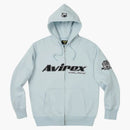 Palace X Avirex Zip Hood Chill Blue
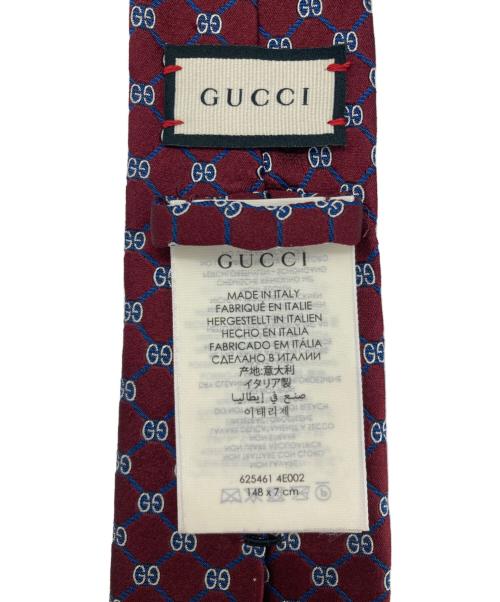 GUCCI（グッチ）GUCCI (グッチ) シルクネクタイ パープル サイズ:FREEの古着・服飾アイテム
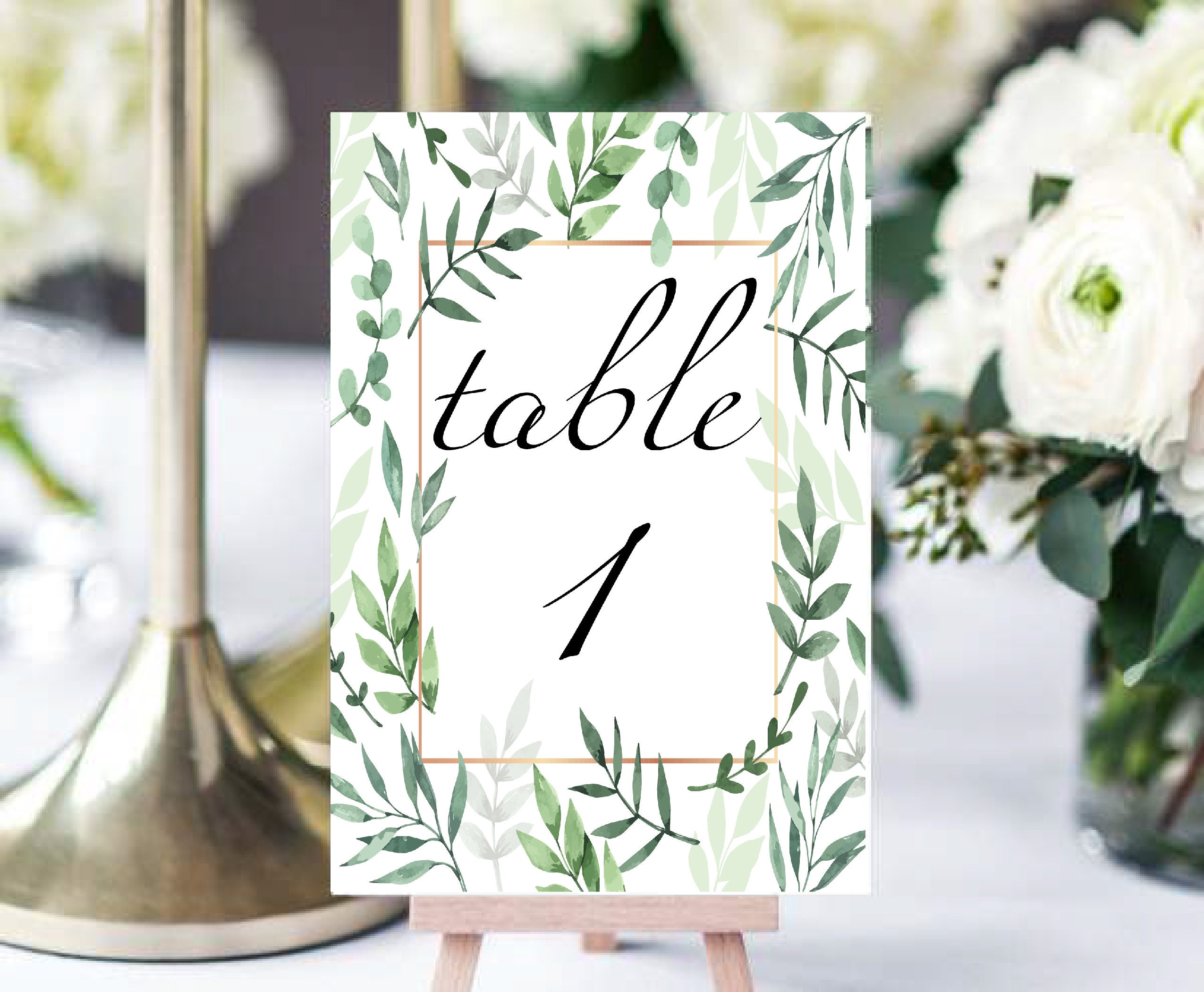 5x7 JPEG Table Numbers 110 Instant Download Printable Etsy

• [To do]: Set down nothing but the lines from the one containing "GUCCI（グッチ）GUCCI (グッチ) シルクネクタイ" to the final line above, both included, with every picture left out.

• [Task answer]:
 GUCCI（グッチ）GUCCI (グッチ) シルクネクタイ パープル サイズ:FREEの古着・服飾アイテム
 5x7 JPEG Table Numbers 110 Instant Download Printable Etsy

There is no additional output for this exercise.